## [Work instruction]
Output each line of the data below exactly, omitting any image.
[The data]
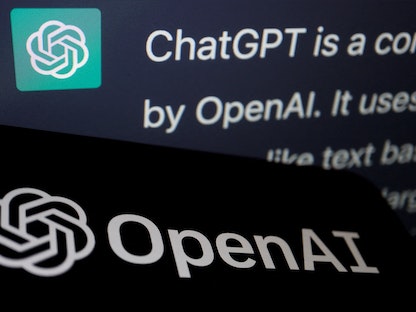 شعار شركة "OpenAI" المطورة لمنصة ChatGPT، في 9 فبراير 2023 - REUTERS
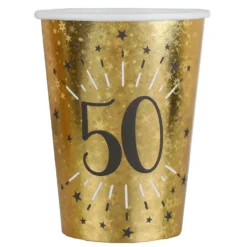 Juego de 10 Vasos Dorados 50 Cumpleaños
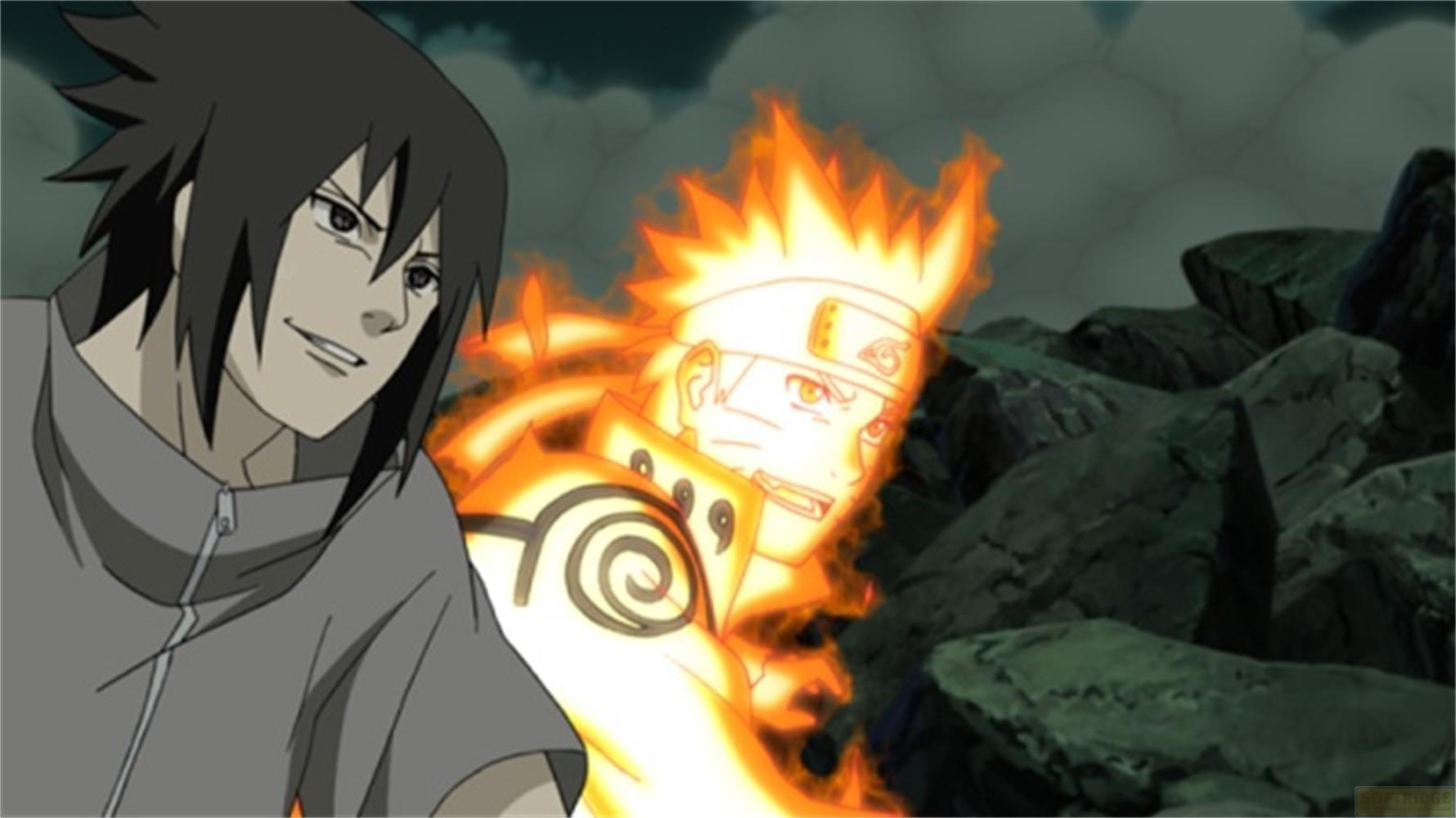 Sasuke e Naruto nella forma a Nove Code, in piedi in un paesaggio roccioso.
[/The data]
## [Exercise output]
 شعار شركة "OpenAI" المطورة لمنصة ChatGPT، في 9 فبراير 2023 - REUTERS
 Juego de 10 Vasos Dorados 50 Cumpleaños
 Sasuke e Naruto nella forma a Nove Code, in piedi in un paesaggio roccioso.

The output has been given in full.